▶ What you have to do: Give back exactly the lines of the material below, starting with the line with "520 N Bethesda" and going on through the line with "ac8ed65b-d892-48a2-84f9-b9bdfec5db18-Max-Origin".
*** Begin section ***
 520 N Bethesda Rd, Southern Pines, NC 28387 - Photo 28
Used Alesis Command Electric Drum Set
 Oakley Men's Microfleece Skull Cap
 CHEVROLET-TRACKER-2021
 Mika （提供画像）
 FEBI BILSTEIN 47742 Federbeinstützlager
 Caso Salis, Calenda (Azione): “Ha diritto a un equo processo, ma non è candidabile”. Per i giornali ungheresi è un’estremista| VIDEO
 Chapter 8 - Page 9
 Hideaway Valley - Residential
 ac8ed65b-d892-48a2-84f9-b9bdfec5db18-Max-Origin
*** End section ***
*** Begin section ***
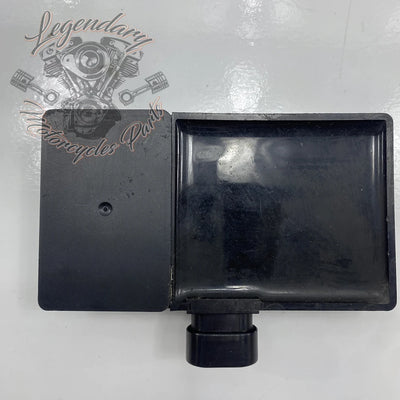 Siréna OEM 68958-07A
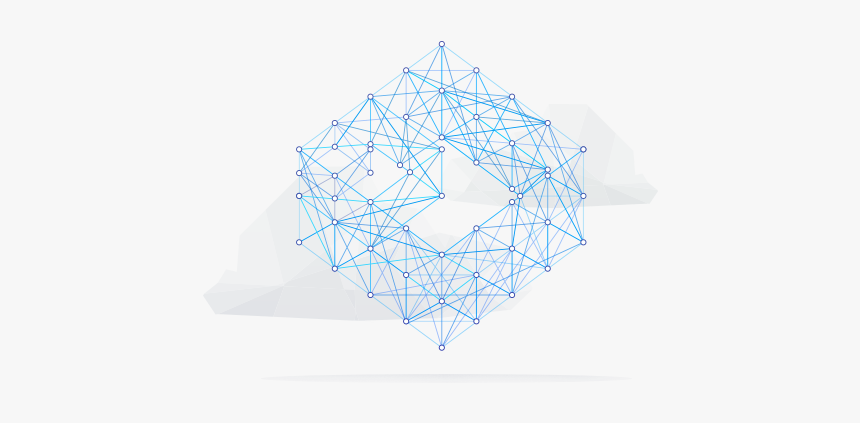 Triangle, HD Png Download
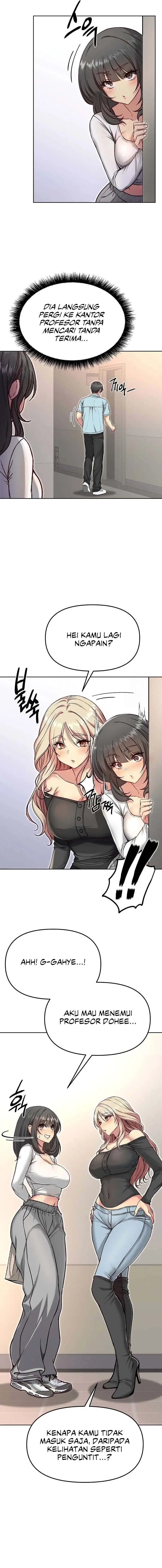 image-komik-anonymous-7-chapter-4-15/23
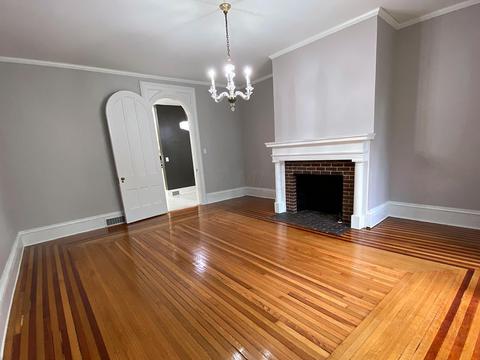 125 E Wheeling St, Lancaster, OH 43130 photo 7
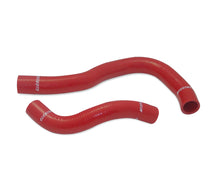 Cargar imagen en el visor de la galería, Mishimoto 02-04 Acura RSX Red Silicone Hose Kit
*** End section ***
▶ Written answer:
 520 N Bethesda Rd, Southern Pines, NC 28387 - Photo 28
Used Alesis Command Electric Drum Set
 Oakley Men's Microfleece Skull Cap
 CHEVROLET-TRACKER-2021
 Mika （提供画像）
 FEBI BILSTEIN 47742 Federbeinstützlager
 Caso Salis, Calenda (Azione): “Ha diritto a un equo processo, ma non è candidabile”. Per i giornali ungheresi è un’estremista| VIDEO
 Chapter 8 - Page 9
 Hideaway Valley - Residential
 ac8ed65b-d892-48a2-84f9-b9bdfec5db18-Max-Origin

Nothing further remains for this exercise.